Первую ночь я провела в щели вместе с населением, а на рассвете направилась по адресу, который дал мне капитан. Хозяйка квартиры, знакомая капитана, была предупреждена, что к ней придёт девушка, работавшая на строительстве оборонительных рубежей и не успевшая эвакуироваться с родителями.
Знакомая капитана, глухонемая, жила с тремя ребятишками в подвале разбомблённого дома по Ломоносовской улице. Не знаю, что помещалось раньше в этом подвале. Он был так закопчён, что напоминал кузницу. Ржавая двухстворчатая железная дверь с трудом открывалась. Открыв дверь, нужно было спускаться по узким кирпичным ступеням в глубокую яму с цементным полом. Здесь стояла железная печка и две кровати, едва умещавшиеся между стен. Кроме женщины с детьми, в подвале ещё до меня поселился какой-то мужчина, которого дети называли дядя Гриша.
Я сразу заметила, что он поглядывал на меня как-то странно. Вскоре мне стало ясно, что этот человек догадывается о цели моего пребывания здесь.
В первый же день ко мне зашли знакомые ребята, они оставались в районе партизанить. Хотя о деле в присутствии этого дяди Гриши мы не обмолвились ни словом, но как только они ушли, он спросил меня:
— С тобой работают?
Я сделала вид, что не поняла вопроса, сказала, что эти ребята — мои товарищи по школе. Он усмехнулся:
— Не бойся, не выдам. Вместе с тобой будем работать.
Я решила, что он тоже оставлен с заданием, но от разговора на эту тему уклонилась.
Наши войска уже отошли. Весь день было тихо.
— Ну, давай теперь начистоту, — сказал дядя Гриша. — Ты девушка не глупая, мы с тобой договоримся.
— Не понимаю, на что вы намекаете? — спросила я.
Он показал мне какую-то бумажку. Было темно, и я не могла её прочесть.
— Это документ, который я предъявлю немцам, — сказал он и стал рассказывать мне свою биографию.
У меня волосы зашевелились на голове. Это был деникинский офицер, отъявленный белогвардеец, скрывший свое прошлое и хранивший деникинские документы в надежде, что они ему ещё пригодятся. Жутко было даже подумать, что в Сталинграде оказался такой гад.
— Ты будешь работать на красных, а я на немцев, и у нас с тобой будет взаимная передача сведений, — заявил он мне таким тоном, как будто это само собой разумеется.
Я продолжала притворяться, что не понимаю, о чём он говорит, хотела выйти из подвала, но он меня не пустил, пригрозил оружием.

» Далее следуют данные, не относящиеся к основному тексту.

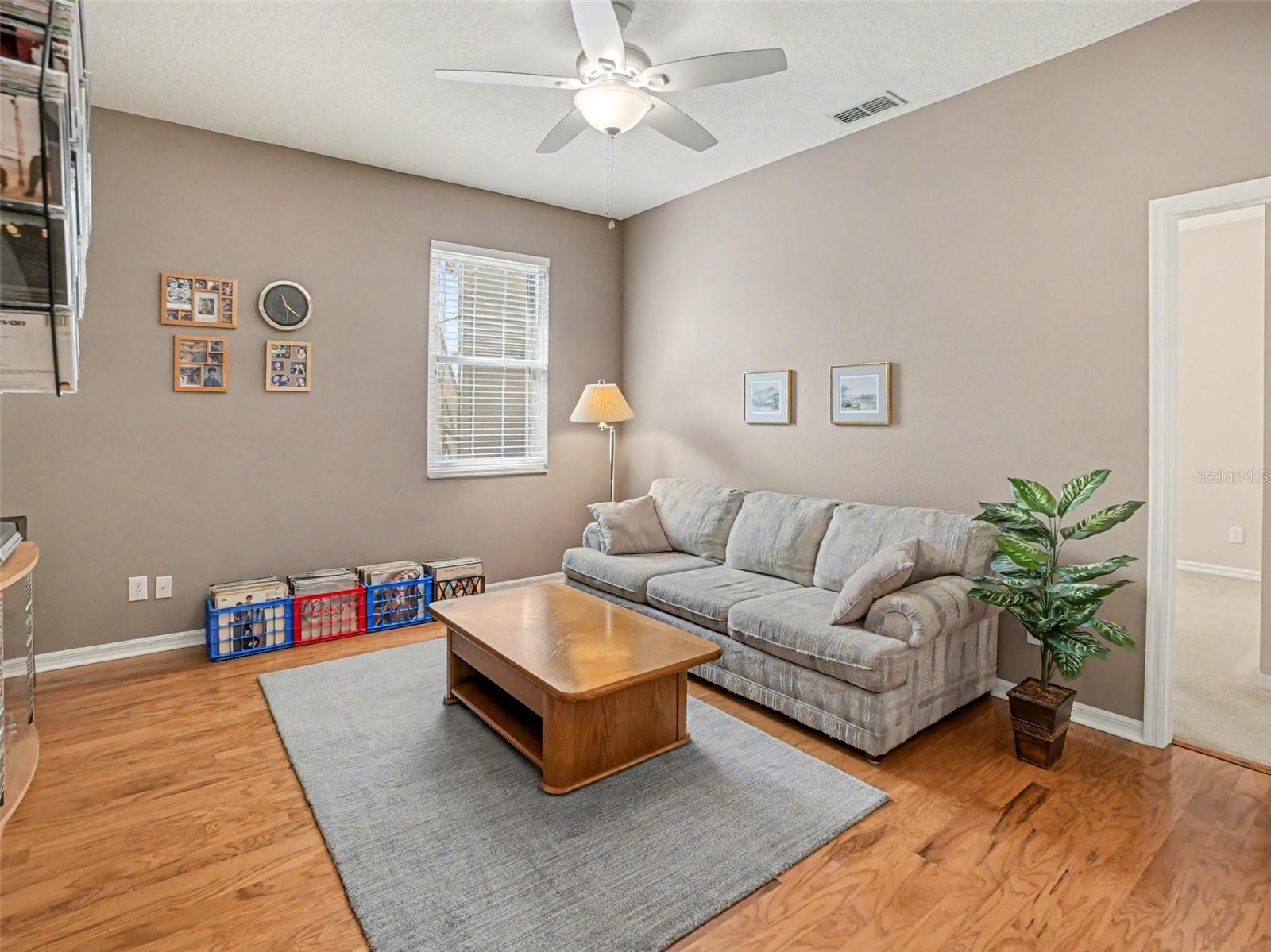 RIVIERA POINTE - Residential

Ночью я услышала стрельбу, крики, свист. В подвал вбежали двое наших ребят — оба раненые. И сейчас же со двора донёсся голос:
— Русский партизан, выходи!
Только ребята успели выскочить на зады двора через дыру, пробитую в стене для дымохода, как в нашем подвале разорвалась граната, кинутая немцами в дверь.
Осколки её никого не задели. Вслед за гранатой была брошена зажженная сера. Дышать стало невозможно, пришлось выйти на двор. Немцы выгоняли прятавшееся в щелях население и выстраивали во дворе, мужчин и женщин отдельно. Как выяснилось потом, наши ребята, стреляя из развалин, убили двух немецких офицеров. На дворе происходил допрос и избиение людей. Немцы допытывались, где скрываются партизаны. Я видела, как этот гад, выйдя из подвала, показывал немцам свои документы и кивал на меня. Они не пожелали разбираться в документах, погнали его к стенке, а меня стали избивать прикладами автоматов, требуя, чтобы я сказала, где партизаны. Потом меня ударили рукояткой кинжала в лоб. Я почувствовала, что кровь заливает глаза, закрыла их и тут же потеряла сознание.

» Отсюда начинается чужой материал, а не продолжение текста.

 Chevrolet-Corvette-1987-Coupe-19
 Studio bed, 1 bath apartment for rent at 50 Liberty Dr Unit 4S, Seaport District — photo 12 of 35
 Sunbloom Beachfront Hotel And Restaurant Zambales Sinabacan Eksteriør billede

Очнулась я уже утром в каких-то развалинах. Было тихо. Я хотела приподняться, но не смогла — очень ослабела от потери крови. Всё тело было избито и изранено.

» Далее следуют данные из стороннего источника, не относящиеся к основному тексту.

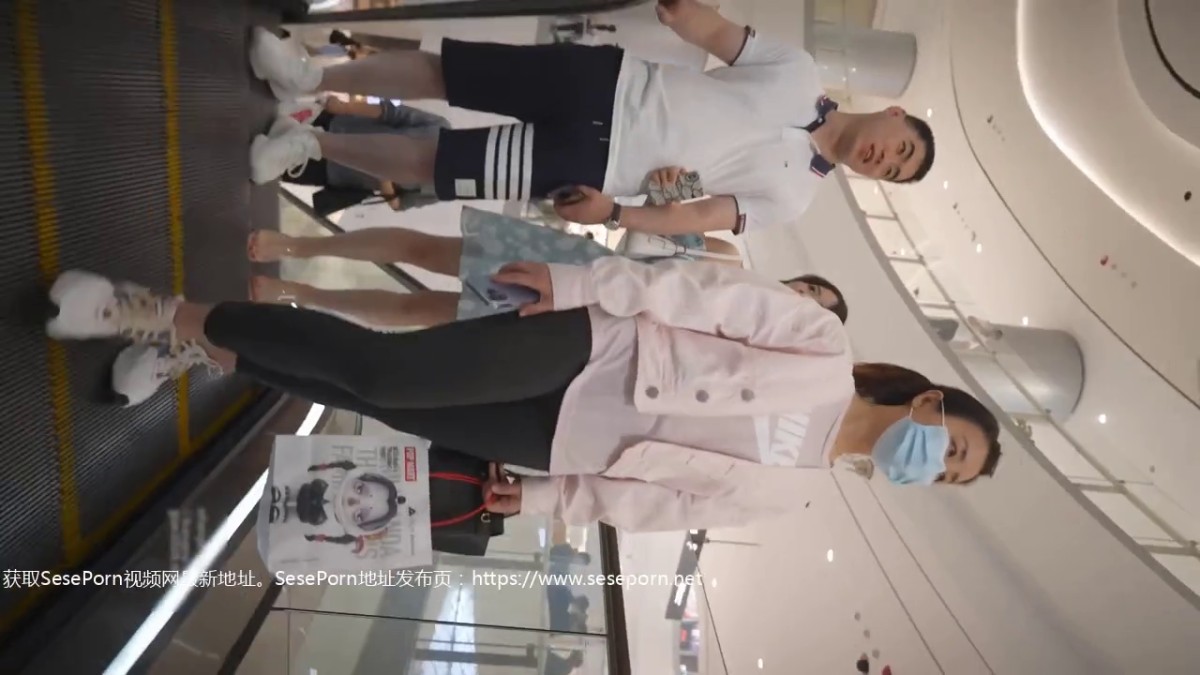 偷拍美女裙底风光(BC-SSS-007) 抹胸花裙透明高跟配情趣骚丁正面镂空露深深逼缝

Я не помнила, что со мной произошло, и не знала, что мне делать. Оставалось только надеяться, что кто-нибудь из своих придёт на помощь. Вскоре я увидела мальчика — старшего сына хозяйки. Он стоял возле меня и плакал. Я прежде всего спросила его, где дядя Гриша. На мое счастье белогвардейские документы этого подлеца не помогли ему. Немцы выхватили их у него из рук и порвали, не читая, а самого расстреляли вместе со всеми мужчинами, выстроенными на дворе.
Ночью хозяйка перетащила меня к себе. Теперь она жила со своими детьми не в кузнице уже, а в щели. Я пролежала два дня, пока смогла подняться. Надо было помогать хозяйке: добывать дрова, таскать воду.
Первый раз, когда я пошла за водой и увидела с горы Волгу, меня вдруг охватила такая тоска, что я заплакала. Никогда так горько не было на душе, как в этот момент. Мне показалось, что Волга, на которой мой отец, боцман, работал всю жизнь, которую я так любила, стала совсем чужой, далёкой. У меня было такое чувство, точно родная мать отказалась от меня, не хочет больше признавать своей дочерью.
Комсомольцы-подпольщики в одном из занятых врагом кварталов города.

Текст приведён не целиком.